# xDeepFM Single Node 
This notebook will give you a quick example of how to train an xDeepFM model. 
xDeepFM \[1\] is a deep learning-based model aims at capturing both lower- and higher-order feature interactions for precise recommender systems. It has the following two key properties:
* It contains a component, named CIN, that learns feature interactions in an explicit fashion and in vector-wise level;
* It contains the tradicition DNN component that learns feature interactions in an implicit fashion and in bit-wise level.
Thus the xDeepFM can learn feature interactions more effectively and manual feature engineering effort can be substantially reduced.


## Global Settings and Imports

In [2]:
import sys
sys.path.append("../../")
from reco_utils.recommender.deeprec.deeprec_utils import *
from reco_utils.recommender.deeprec.models.xDeepFM import *
from reco_utils.recommender.deeprec.IO.iterator import *


## Download data
xDeepFM use the FFM format as data input: `<label> <field_id>:<feature_id>:<feature_value>`  
Each line represents an instance, \<label\> is a binary value with 1 meaning positive instance and 0 meaning negative instance. 
Features are devided into fields.
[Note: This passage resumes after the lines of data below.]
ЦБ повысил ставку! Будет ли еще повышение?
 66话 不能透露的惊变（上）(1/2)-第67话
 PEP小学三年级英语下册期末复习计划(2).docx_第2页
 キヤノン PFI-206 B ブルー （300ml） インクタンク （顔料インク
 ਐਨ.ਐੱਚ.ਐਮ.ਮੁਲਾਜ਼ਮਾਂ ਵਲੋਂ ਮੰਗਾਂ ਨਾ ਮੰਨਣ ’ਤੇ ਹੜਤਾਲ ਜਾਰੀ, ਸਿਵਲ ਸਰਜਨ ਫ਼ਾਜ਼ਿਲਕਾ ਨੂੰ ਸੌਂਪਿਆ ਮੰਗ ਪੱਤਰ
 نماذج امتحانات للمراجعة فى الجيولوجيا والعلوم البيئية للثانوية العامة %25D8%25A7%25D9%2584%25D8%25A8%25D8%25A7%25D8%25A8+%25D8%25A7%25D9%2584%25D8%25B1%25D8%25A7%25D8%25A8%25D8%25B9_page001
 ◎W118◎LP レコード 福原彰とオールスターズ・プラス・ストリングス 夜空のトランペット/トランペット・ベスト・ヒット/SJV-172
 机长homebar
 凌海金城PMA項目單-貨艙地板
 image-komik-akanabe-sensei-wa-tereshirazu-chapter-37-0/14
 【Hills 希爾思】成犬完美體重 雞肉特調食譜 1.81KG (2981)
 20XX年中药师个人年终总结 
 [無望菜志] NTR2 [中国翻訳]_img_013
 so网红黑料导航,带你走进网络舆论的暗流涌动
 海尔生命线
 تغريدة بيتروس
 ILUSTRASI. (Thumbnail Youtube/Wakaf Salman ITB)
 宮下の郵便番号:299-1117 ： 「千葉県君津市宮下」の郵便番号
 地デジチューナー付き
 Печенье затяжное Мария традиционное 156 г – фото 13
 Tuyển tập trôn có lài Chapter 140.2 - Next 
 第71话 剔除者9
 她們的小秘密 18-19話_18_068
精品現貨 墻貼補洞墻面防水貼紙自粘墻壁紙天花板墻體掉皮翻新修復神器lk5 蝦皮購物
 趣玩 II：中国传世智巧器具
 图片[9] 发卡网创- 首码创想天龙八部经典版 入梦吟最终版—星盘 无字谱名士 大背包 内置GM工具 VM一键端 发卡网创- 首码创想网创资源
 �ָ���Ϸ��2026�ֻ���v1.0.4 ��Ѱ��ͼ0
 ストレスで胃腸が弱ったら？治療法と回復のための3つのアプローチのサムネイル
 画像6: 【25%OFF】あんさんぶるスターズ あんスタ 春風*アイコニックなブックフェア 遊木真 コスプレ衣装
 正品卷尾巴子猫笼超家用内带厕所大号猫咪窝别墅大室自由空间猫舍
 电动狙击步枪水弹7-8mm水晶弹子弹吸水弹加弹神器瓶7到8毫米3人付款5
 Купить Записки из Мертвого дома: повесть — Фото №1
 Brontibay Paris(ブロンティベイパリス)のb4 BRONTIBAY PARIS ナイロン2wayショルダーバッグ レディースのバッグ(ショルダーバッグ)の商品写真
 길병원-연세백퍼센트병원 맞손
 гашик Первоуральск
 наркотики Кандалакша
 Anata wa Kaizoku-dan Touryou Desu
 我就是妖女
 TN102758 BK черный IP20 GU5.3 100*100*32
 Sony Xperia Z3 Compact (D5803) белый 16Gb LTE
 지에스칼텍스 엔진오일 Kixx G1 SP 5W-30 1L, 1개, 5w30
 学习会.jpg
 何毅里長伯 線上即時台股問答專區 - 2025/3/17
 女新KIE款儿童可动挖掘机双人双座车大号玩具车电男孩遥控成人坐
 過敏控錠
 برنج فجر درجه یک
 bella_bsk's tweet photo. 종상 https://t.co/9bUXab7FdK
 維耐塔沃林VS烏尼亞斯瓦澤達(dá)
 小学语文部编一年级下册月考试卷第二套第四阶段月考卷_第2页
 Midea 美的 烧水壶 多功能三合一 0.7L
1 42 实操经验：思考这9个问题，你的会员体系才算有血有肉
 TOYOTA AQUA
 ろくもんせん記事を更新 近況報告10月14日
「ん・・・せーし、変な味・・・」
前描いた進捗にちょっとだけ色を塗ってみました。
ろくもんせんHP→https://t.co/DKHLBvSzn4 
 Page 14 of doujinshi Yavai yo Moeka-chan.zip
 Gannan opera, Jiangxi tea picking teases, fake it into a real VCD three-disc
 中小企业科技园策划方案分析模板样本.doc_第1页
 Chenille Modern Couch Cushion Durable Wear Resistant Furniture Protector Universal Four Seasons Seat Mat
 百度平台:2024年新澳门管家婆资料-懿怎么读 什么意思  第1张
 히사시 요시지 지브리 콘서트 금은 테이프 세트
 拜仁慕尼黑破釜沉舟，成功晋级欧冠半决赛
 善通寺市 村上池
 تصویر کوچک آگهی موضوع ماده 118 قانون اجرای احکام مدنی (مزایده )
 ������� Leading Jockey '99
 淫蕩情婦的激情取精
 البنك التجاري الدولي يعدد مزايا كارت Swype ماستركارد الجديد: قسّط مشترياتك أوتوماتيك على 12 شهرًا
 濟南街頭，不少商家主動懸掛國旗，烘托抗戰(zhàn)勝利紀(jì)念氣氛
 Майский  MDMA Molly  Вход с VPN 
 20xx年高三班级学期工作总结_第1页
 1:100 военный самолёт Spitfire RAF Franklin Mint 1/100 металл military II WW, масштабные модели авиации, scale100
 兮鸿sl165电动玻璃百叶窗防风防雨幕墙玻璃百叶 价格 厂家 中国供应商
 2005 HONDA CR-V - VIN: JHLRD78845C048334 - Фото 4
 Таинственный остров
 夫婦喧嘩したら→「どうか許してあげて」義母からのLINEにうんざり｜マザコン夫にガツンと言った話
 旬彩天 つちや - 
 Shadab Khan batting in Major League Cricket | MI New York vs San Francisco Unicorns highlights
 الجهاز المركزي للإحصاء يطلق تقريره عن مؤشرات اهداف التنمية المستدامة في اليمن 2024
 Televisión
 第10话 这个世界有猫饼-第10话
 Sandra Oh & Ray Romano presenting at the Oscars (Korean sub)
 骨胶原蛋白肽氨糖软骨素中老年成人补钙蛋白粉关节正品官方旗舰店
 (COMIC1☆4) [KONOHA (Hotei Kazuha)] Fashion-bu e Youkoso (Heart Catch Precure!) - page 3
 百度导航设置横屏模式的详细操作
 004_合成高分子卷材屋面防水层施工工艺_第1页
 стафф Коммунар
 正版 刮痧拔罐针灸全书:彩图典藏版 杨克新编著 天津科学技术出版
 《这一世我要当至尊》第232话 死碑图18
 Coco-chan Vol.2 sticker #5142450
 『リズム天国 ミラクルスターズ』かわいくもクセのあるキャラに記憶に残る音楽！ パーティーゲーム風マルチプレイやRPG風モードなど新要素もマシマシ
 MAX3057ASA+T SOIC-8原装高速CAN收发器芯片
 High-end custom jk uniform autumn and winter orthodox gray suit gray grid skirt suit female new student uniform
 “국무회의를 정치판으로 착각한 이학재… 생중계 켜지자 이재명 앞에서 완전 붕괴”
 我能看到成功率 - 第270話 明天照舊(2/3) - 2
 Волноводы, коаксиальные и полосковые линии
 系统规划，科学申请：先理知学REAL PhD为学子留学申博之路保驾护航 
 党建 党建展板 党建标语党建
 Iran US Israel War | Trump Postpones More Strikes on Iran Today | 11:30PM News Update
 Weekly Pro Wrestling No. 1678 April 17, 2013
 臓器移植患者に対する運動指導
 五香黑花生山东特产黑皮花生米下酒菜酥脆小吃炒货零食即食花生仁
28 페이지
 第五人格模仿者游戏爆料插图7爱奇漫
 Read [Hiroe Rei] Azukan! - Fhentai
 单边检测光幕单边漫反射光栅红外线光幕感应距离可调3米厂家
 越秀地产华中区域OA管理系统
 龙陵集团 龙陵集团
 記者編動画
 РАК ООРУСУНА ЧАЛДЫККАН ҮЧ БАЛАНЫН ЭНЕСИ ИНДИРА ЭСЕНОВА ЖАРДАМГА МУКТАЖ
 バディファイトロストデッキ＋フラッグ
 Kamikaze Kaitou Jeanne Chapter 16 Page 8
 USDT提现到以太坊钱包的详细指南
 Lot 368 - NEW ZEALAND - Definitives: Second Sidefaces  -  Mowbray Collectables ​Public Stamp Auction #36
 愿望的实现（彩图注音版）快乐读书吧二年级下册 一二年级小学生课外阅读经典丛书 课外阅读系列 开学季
For example, user's gender is a field, it contains three possible values, i.e. male, female and unknown. Occupation can be another fields, which contains many more possible values than the gender field. Both field idx and feature idx are starting from 1. 

In [3]:
data_path = '../../tests/resources/deeprec/xdeepfm'
yaml_file = os.path.join(data_path, r'xDeepFM.yaml')
train_file = os.path.join(data_path, r'synthetic_part_0')
valid_file = os.path.join(data_path, r'synthetic_part_1')
test_file = os.path.join(data_path, r'synthetic_part_1')
output_file = os.path.join(data_path, r'output.txt')

if not os.path.exists(yaml_file):
    download_deeprec_resources(r'https://recodatasets.blob.core.windows.net/deeprec/', data_path, 'xdeepfmresources.zip')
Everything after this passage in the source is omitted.